Records obtained by the AP reportedly show that Karkoc may have lied to U.S. immigration officials when he entered the country after World War II, saying he never had any past military experience.  However, the AP and Polish prosecutors claim Nazi-SS records show Karkoc commanded a unit suspected of war crimes during 1944.  There is no direct evidence of Karkoc participating in the alleged war crimes, but he is reportedly linked to the actions through past statements of other members of the unit and other witnesses interviewed over the years.

Polish prosecutor Robert Janicki said on Monday that evidence reviewed during his investigation “100%” confirmed that the Michael Karkoc in Minnesota is the same Michael Karkoc who commanded the SS unit.  Janicki said he will formally seek Karkoc’s extradition and trial in Poland if the court first approves the arrest warrant.  Polish law does not allow trial in absentia, so Karkoc’s presence in the country would be required in order for him to face charges.

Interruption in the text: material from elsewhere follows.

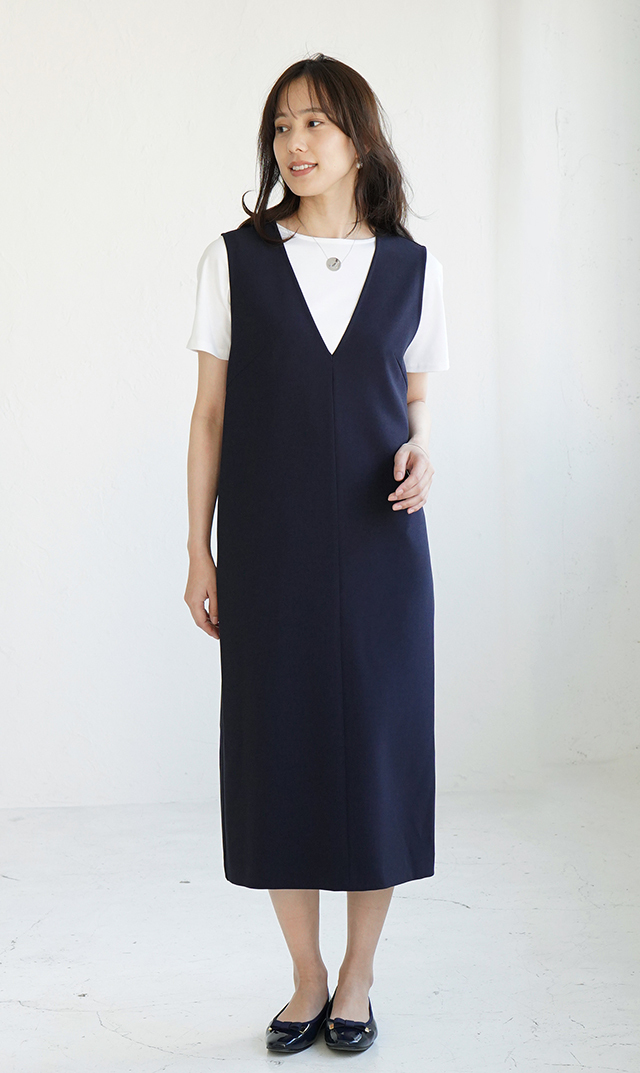 シワ防止・ストレッチ素材アヴァジャンパースカート紺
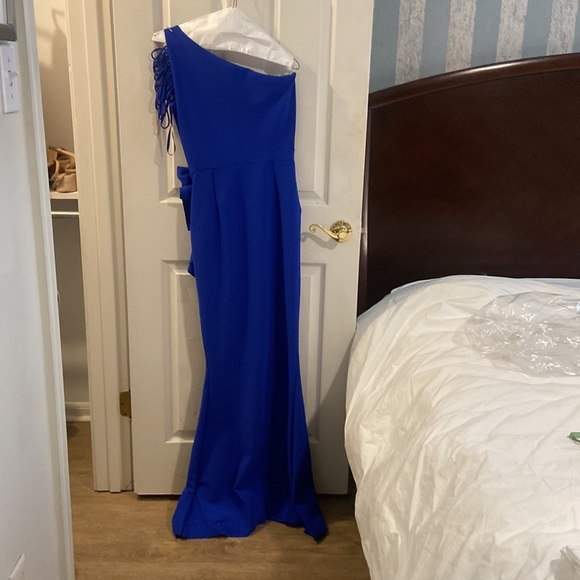 Chiari Boni Italian Evening Gown - Picture 2 of 6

German authorities first investigated a case against Karkoc back in 2013 when his identity was revealed, but they declined to press forward with charges in 2015 because they found “comprehensive medical documentation” from Karkoc’s physicians that showed he was unfit to stand trial.

Janicki seemed to indicate on Monday that Polish prosecutors do not have the same reluctance about his advanced age.

“He is our suspect as of today,” Janicki said.

Karkoc could face a term of up to life in prison if convicted in the killings that took place in the Polish villages of Chlaniow and Wladyslawin in July 1944.